From import to output, Aperture delivers a simple work flow solution for photographers, specially for someone like me who wants to work in a single program as much as possible. The quality of the output files is uncompromising.The best feature is the ‘non-destructive’ way the images are processed so the images always ‘as shot’ if I ever need to go back to my originals.
Here is a typical work flow for my wedding or portrait shoot:
Downloading / Importing / Renaming Images
Importing images is quick and easy. Images can be imported from a camera, card reader, DVDs, hard drives or from iPhoto. At the point of importing, you can add copyright, keywords and other meta data all in one go. From a wedding, I may need to import about 600-700 images and as soon as I start import, I press P which gives me the Quick Preview of the imported images and I can immediately start to cull images which are not good. I shoot with 2 camera bodies and the first thing I do is to sort the images by time order. So after the images have been imported, I sort by time order and then rename them.
I’ve created a ‘Custom Name with Counter’ for my images. All I do I select all the images and ‘Batch Change’ all the names which takes a few seconds or so to do. Stacks is a handy tool which automatically group images shot in a sequence, this helps browsing a wedding with lots of images to really speed through the whole shoot. So once all the images have been selected to show case to the couple or client, I then proceed to adjust / enhance the RAW files.

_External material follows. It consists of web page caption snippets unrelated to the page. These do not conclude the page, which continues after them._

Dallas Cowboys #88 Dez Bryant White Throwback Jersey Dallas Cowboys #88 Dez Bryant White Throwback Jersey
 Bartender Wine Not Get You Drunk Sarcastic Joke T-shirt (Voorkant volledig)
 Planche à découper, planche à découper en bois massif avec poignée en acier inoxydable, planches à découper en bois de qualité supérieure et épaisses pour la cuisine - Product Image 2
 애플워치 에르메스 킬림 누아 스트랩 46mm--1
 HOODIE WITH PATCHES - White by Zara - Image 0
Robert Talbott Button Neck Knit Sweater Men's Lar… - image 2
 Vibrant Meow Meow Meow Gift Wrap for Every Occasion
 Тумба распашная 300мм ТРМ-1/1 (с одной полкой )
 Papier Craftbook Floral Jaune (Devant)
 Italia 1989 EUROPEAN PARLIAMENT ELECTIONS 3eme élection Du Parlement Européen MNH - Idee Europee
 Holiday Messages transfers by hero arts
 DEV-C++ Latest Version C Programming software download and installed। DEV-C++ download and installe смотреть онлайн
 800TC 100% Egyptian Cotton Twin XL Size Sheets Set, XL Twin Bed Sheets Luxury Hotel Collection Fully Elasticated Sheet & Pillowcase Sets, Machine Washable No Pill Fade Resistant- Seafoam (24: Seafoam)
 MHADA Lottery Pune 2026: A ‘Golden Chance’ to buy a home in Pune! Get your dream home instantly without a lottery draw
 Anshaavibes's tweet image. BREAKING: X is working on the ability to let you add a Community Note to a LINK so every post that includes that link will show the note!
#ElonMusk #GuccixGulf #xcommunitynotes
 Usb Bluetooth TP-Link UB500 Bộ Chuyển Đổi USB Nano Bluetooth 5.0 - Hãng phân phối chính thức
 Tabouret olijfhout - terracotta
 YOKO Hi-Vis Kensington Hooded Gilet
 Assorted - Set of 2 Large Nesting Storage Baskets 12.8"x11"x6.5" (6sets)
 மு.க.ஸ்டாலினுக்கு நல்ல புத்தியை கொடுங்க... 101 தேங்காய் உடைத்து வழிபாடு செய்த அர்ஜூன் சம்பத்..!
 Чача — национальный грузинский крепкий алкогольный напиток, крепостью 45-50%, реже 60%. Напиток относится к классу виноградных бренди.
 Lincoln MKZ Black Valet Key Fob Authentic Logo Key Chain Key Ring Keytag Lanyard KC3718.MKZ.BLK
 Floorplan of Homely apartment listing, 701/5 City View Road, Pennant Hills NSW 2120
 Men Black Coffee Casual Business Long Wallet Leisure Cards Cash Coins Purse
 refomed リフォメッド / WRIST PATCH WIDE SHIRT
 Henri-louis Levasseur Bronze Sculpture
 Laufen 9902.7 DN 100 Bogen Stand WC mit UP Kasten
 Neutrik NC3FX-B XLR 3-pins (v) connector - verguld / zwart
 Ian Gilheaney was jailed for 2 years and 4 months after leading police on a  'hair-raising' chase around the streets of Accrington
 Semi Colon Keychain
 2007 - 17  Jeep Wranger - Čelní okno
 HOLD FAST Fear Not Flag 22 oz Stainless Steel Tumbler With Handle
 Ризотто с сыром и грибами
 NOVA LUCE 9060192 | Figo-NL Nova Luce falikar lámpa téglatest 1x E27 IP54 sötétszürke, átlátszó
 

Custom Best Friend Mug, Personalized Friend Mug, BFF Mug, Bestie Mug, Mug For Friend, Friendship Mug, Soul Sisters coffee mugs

Adjusting / Enhancing Images
Once I’ve sorted and renamed my files, I’ll go through them and apply any adjustments if needed. Simple tasks like fixing white balance, enhance colors, straightening, cropping and improving exposure are all done non-destructively. I’ve made presets which I apply on the fly.
If there is a batch of images shot under the same lighting conditions, then only one image is adjusted and the settings applied to this image ‘lifted’ from it and ‘stamped’ on all the rest of the images in one go. Then I export them as ‘versions’ and saved as high quality JPEGs.
Presenting images to clients
This is where Aperture 3 (and Aperture 2) comes on to its own. When a client books an appointment to either come and see my work or to preview their wedding / portrait images, firstly the images are shown as a slide show with music, all available in Aperture 2 & 3. I have a dual-monitor set up as a 30″ & 23″ Apple Cinema Displays. To fully take advantage of Aperture, you’ve got to work with a dual-monitor set up. This really does speed up the work flow.
The selection process
This process takes around an hour or so for a wedding (400 images) and about 15-20 minutes for a portrait (60 images) session. Multiple images are selected and displayed at a time and the ones which the client love are rated as 1 star. Once we’ve gone through all the images, I do a quick search for all 1 star rated images, this brings up all these images. Now if we need to take some images out of this selection, then I just press ‘2’ and rate the images as 2 star which are definitely selected for the package. This way I can quickly go between the first & second selection if need be.
Event Photography: Need for Speed
Event photography is a big part of our business. When we need to print images on-site at an event, we really did struggle to find a decent program on the Mac. However, all that changed when Aperture 2 arrived. We download, sort, rename, print contact sheets and then print the images from our Mitsubishi dye-sub printer to whatever size we require up to 9×6″. No matter how big or small the event is, whether it is a corporate ball for 100 couples or an equestrian event for 600 riders, Aperture 3 (and 2) effortlessly & painlessly handles our work flow. Even tethered camera support is also available, allowing the images to go straight from camera into Aperture.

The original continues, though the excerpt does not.